第四十七話
ドアを蹴破る音とともに、部屋に勢いよく兵士達がなだれ込んだ。素早く剣を構えた兵達は一様に剣の向ける先を探すが、部屋の状態を見て見つけることができなく、皆が皆顔を見合わせる。もちろん、その一部始終を見ていた王様は怪訝な顔をした。
「何だ、騒がしいな。」
「い、いえ。見張りが倒れていたので・・・・・・。」
兵士達が戸惑って入り口付近でたたらを踏んでいると、兵士達をかき分けて一人鎧を着ていない女性が王様の前に出る。特に部屋が荒れていないことを素早く確認した女性は、理由を求めるように王様の方を見た。
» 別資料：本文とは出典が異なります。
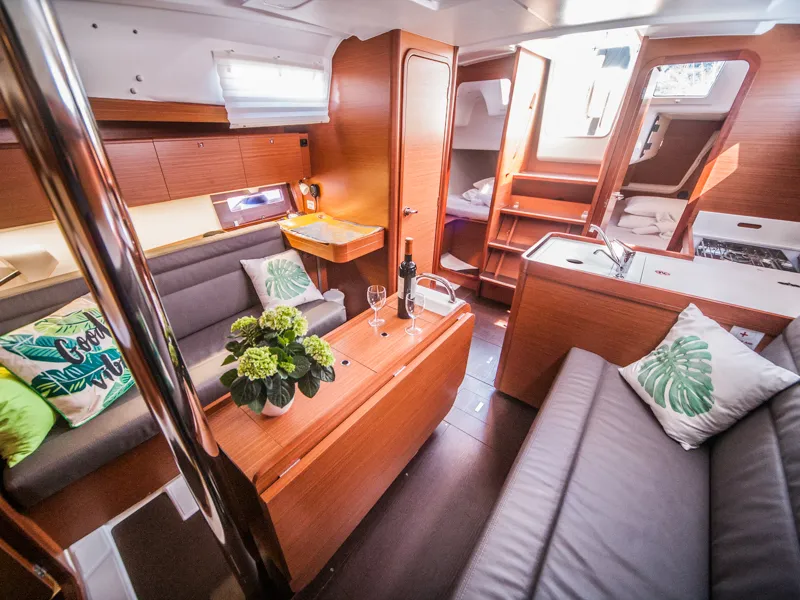 Salon of IDA (new sails 2023.), a Dufour 350 Grand Large sailboat at Primošten, Croatia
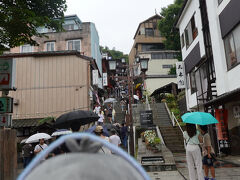 ようやく石段街に着きましたが、道を間違えててちょうど真ん中から合流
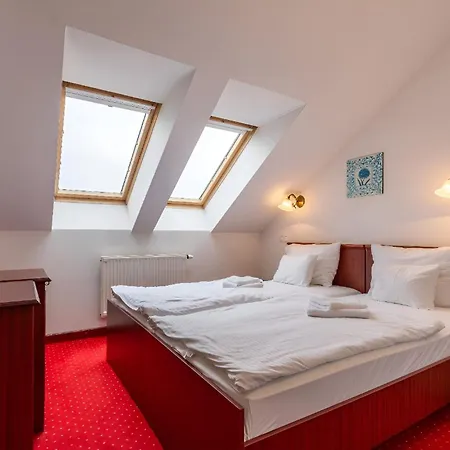 Hotel Madi Kuria Es Rendezvenykoezpont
しかし王様は視線で兵士達の方を見るもので、女性がその意味に気づき兵士達を部屋から出したことでやっと王様は状況を説明する。
「・・・・・・さっきここを訪ねてきた奴がいた。例の同族殺しだ。」
王様の言葉はひどく静かだったが、その意味が指すことはとても冷静ではいられることではなかったのだろう。女性は慌てて部屋から出ていこうとしたが、女性が背を向けたところで王様は再び口を開く。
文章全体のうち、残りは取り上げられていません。